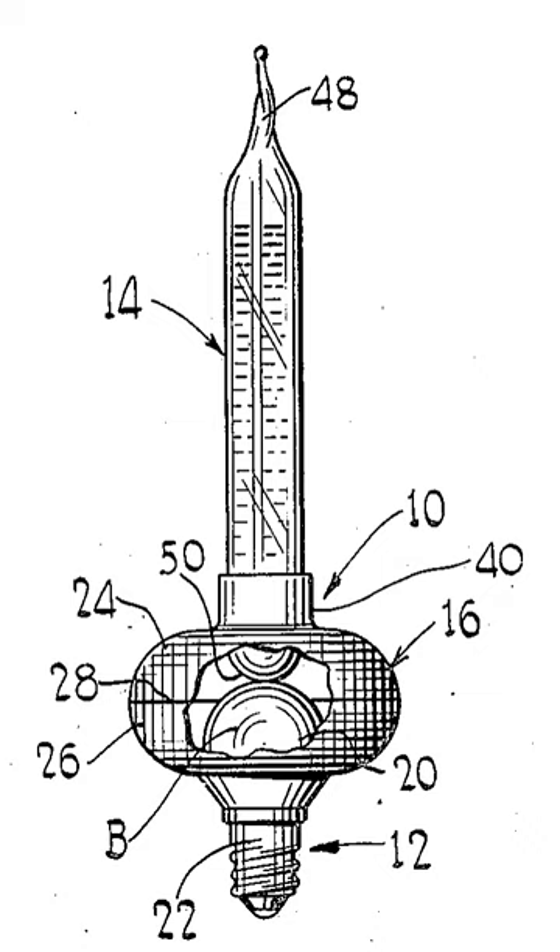Some early bubble lights instead used a lightweight oil or camphor — a white substance used in some moth balls — to create the low boiling point. In these older lamps, one can often see a white piece floating at the top of the vial, until the heat of the lamp dissolves it and it starts to bubble. The light from the lamp illuminates the bubbles from underneath, causing them to shine.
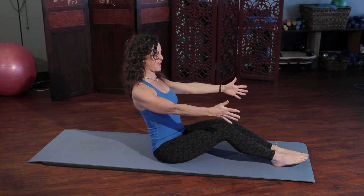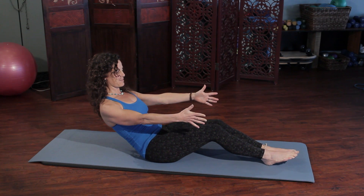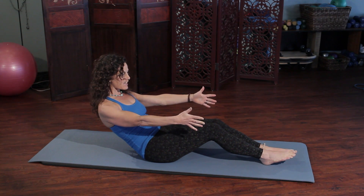Then as you start to roll down, pull the shoulder blades back. As you start to roll back, make sure the head stays in that same position without the head jetting forward, and counteract to balance, then come back up.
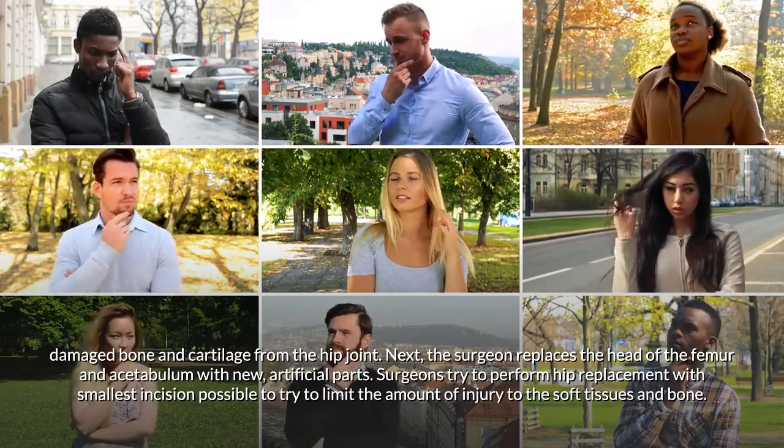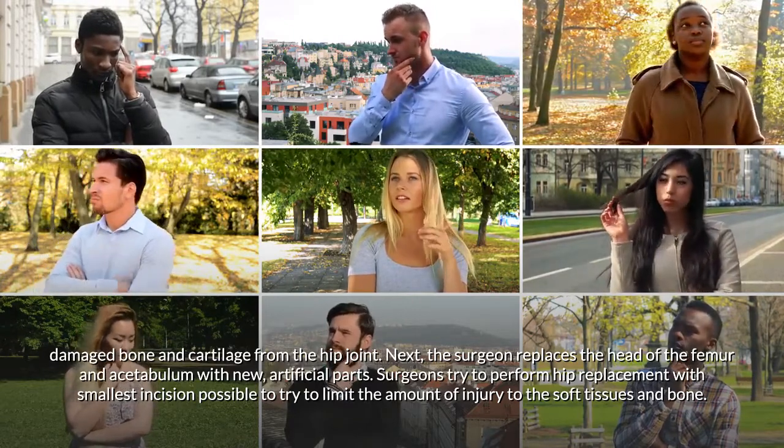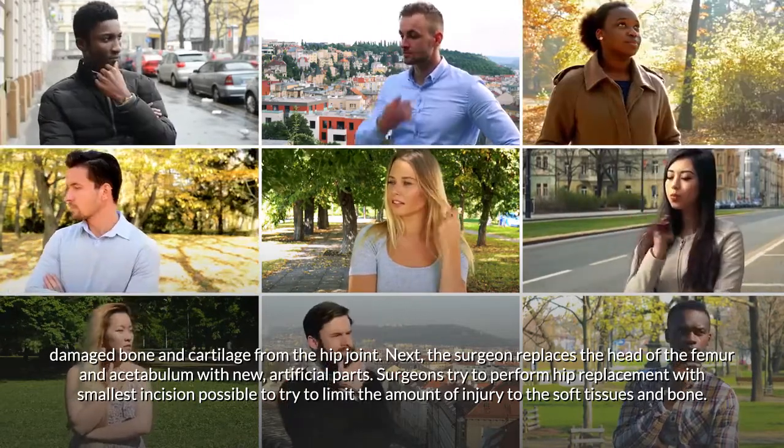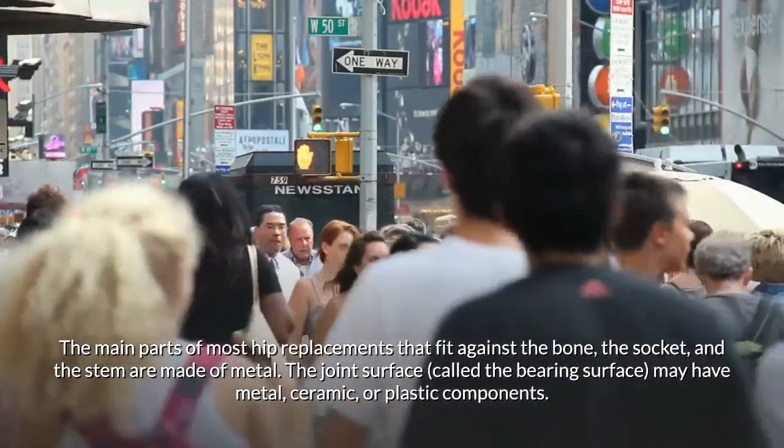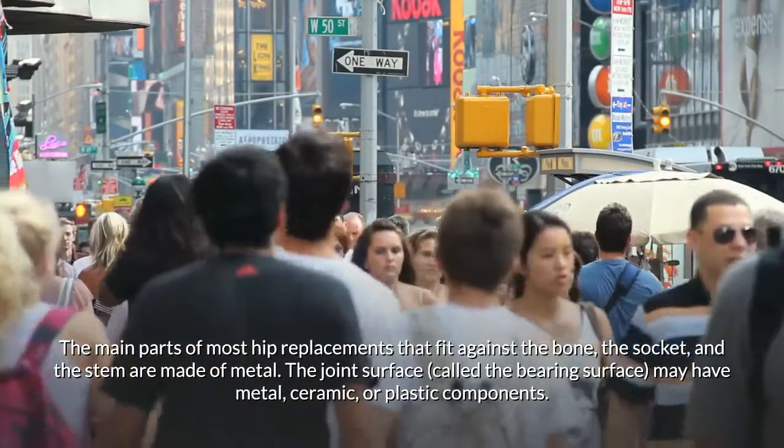Surgeons try to perform hip replacement with the smallest incision possible to limit injury to the soft tissues and bone. The main parts of most hip replacements that fit against the bone — the socket and the stem — are made of metal.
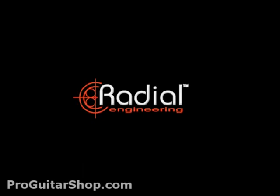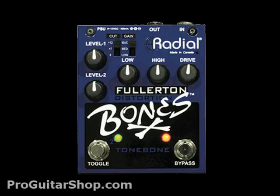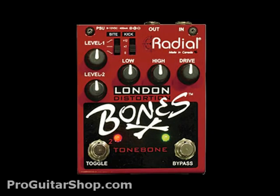ProGuitarShop.com and Radial Engineering would like to introduce the Bones series. All three of these new solid state effects offer two switchable channels, each with their own output level.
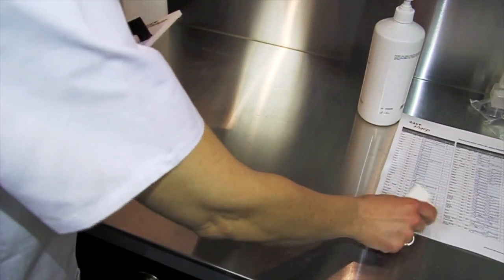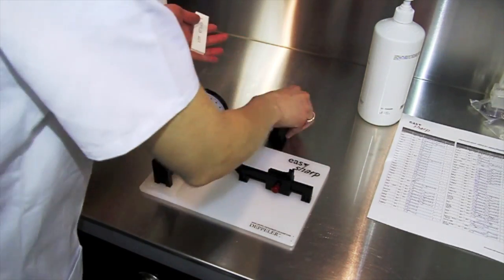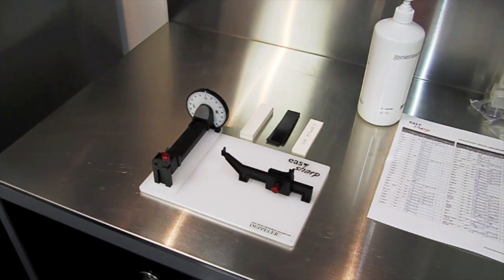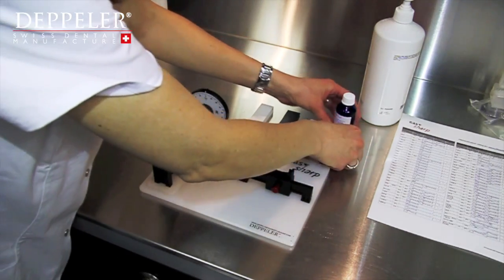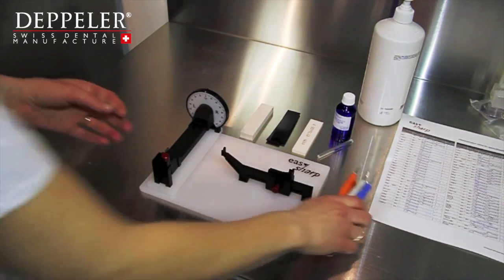You will need the following: the EasySharp appliance, the table of angles and movements, a black rubber spacer supplied with the appliance, sharpening oil, a test stick, and of course the instruments you want to sharpen.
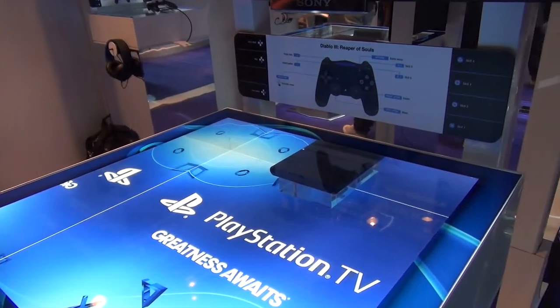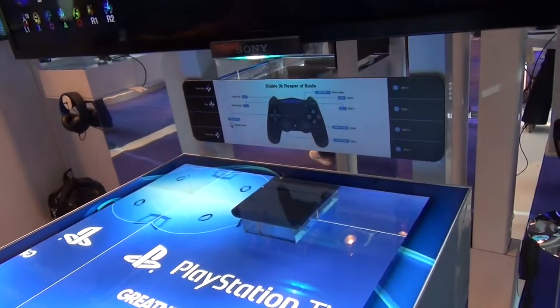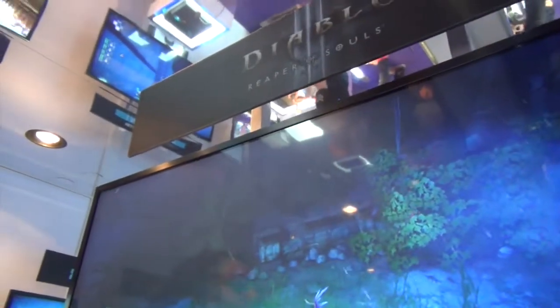Not only will we have gaming, but we will also have media. A couple games we are highlighting are Lego Movie Video Game and Minecraft. We'll have a lot of other great games coming up — right now we have Diablo on. You would plug this in, hook up to your WiFi — it has both WiFi and Ethernet — and then you can log into your PlayStation account where you get access to your games.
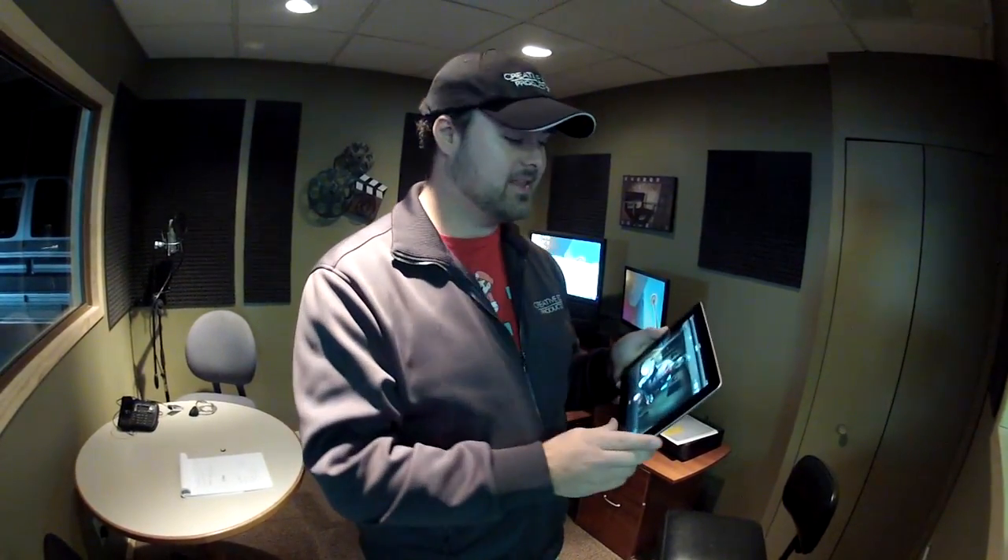We have the GoPro Hero 2 here and we just got the new Wi-Fi Back software upgraded. Now we can control it with the iPad app or iPhone app. The Android app is coming soon.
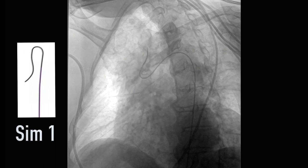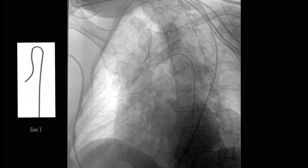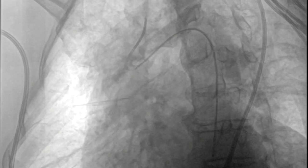Once the catheter is reformed, the wire is pulled out of the innominate back into the catheter, and then we engage the catheter by pulling it back and rotating it up into the origin.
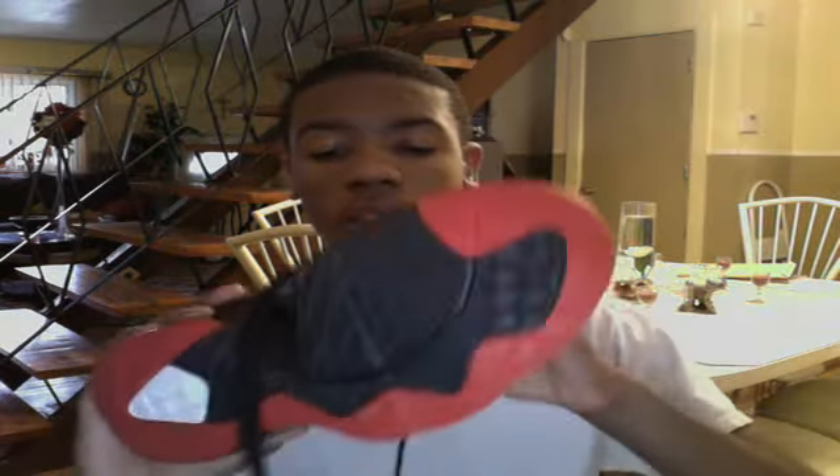Good morning YouTube, good afternoon. I'm coming here with the LeBron 8 vs LeBron 9 comparison. Do I need to do this? Yesterday was a sluggish day but I had to do that review.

□ □ □

## What to produce
Give back, word for word, the lines from the line that contains "Not only will" through the last line of the records, with no pictures and nothing else.

## Response below
Not only will we have gaming, but we will also have media. A couple games we are highlighting are Lego Movie Video Game and Minecraft. We'll have a lot of other great games coming up — right now we have Diablo on. You would plug this in, hook up to your WiFi — it has both WiFi and Ethernet — and then you can log into your PlayStation account where you get access to your games.
We have the GoPro Hero 2 here and we just got the new Wi-Fi Back software upgraded. Now we can control it with the iPad app or iPhone app. The Android app is coming soon.
Once the catheter is reformed, the wire is pulled out of the innominate back into the catheter, and then we engage the catheter by pulling it back and rotating it up into the origin.
Good morning YouTube, good afternoon. I'm coming here with the LeBron 8 vs LeBron 9 comparison. Do I need to do this? Yesterday was a sluggish day but I had to do that review.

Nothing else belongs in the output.